Fr. Emmanuel Gratsias: Thirty Years of Serving the Church

By Sophia Niarchos 
When the Laws of Men Are Not Enough

It was partly the prevailing spirit of idealism in our country and partly the frustration he experienced when he saw that government couldn't take care of everything that inspired Fr. Emmanuel Gratsias to begin his work in God's service. It is a calling to which he has devoted the last thirty years of his life. "It was the early '60s. (I went to seminary in '63.) It was a time of idealism; it was the time of John F. Kennedy; it was a time when young people were being called to do something, to fulfill something in society, to take action, to reach out. We had the attitude of 'we can do it, we will do it,'" Fr. Manny, as his parishioners and those in the surrounding Glen Cove community know him, explains.
But for Fr.
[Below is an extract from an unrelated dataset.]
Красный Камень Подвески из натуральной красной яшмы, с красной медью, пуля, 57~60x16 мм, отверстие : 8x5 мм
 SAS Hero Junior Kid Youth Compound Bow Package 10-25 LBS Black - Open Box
Manny, the idealism that emanated from the spirit of the times, while sufficient to inspire him to pursue an education in political science at George Washington University, left him questioning the role of government in people's lives and whether it was the answer to what was lacking in American society.

"Somewhere along the line, I started getting kind of frustrated. I was working for the federal government, going to school at night, but not 100% happy with what I was doing.
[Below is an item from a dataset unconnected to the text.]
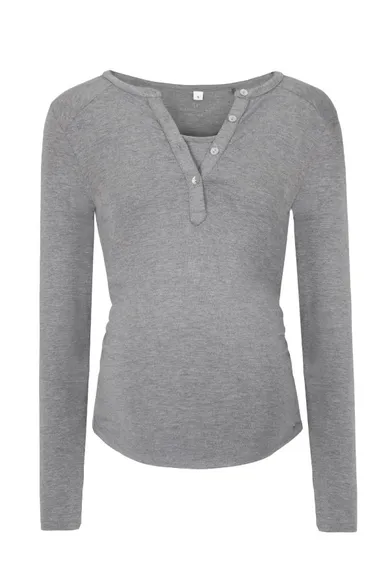 Bluzka damska z długim rękawem, do karmienia, szara, Bellybutton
After spending two or three years seeing what was going on in government, I realized that government a lot of times didn't really care, and you didn't really get things done through government.

"I remember seeing beggars on the streets of Washington and wondering why. If there's a Welfare Department, why does a guy who's minus a leg have to sit there and beg?

I would say, 'The laws of men aren't going to solve a lot of problems. There's got to be something that's bigger and stronger.' I started to realize that there had to be a greater principle and greater ideals.

"At Easter of '63 [at his hometown church of St. Sophia Greek Orthodox Cathedral], it started coming to me that it could be God-centered principles, that perhaps God's laws, not man's laws, are the way to change things. If you take that kind of principle and rise above government, you might be able to do something in the world, even though government is trying to do things. I decided I had to do something meaningful in life."

And so, for Fr. Manny, the usual portrait of a priest as a contemplative, prayerful, meditative individual was replaced by his vision of a community activist who seeks to better the overall human condition by deeds as well as prayer and words. Having been a very active and involved Greek American (he was a member and -- during his first year in the seminary -- Supreme President of the Sons of Pericles, AHEPA's  (American Hellenic Educational Progressive Association) junior auxiliary. Fr. Manny remembers that "the idea of being around Church and Greek-American life was not strange or different to me.


"I was a little concerned on the flight [from Washington to Holy Cross School of Theology in Brookline, Mass.], wondering whether I was doing the right thing. But I decided to go and spend 'a few days'.

"I'll never forget the cab ride, when we turned the corner and drove up the hill of the seminary. And it was, and still is, so beautiful. The first impression was so welcoming, and I ended up being very comfortable up there."

Fr. Manny especially remembers the three teachers who had the greatest influence on him during his seven years there. Fr. Theodore Stylianopoulos was his professor of New Testament and "just opened up the Bible to me. I was amazed and from then on loved anything that had to do with Biblical Studies all the way through the three years of graduate studies. Fr. Ted is still an inspiration to me.

"Fr. Harakas was my professor of ethics and social ethics, issues that I was especially concerned about and that even brought me to the seminary, the Church and social action. I loved Fr. Harakas," he said.

Fr. Manny focused on history at Hellenic College, the undergraduate school, and he appreciated the intellectualism of Fr. Vaporis, who had two Ph.D.s and two Master's degrees, and taught him Balkan, Russian, and Modern Greek history.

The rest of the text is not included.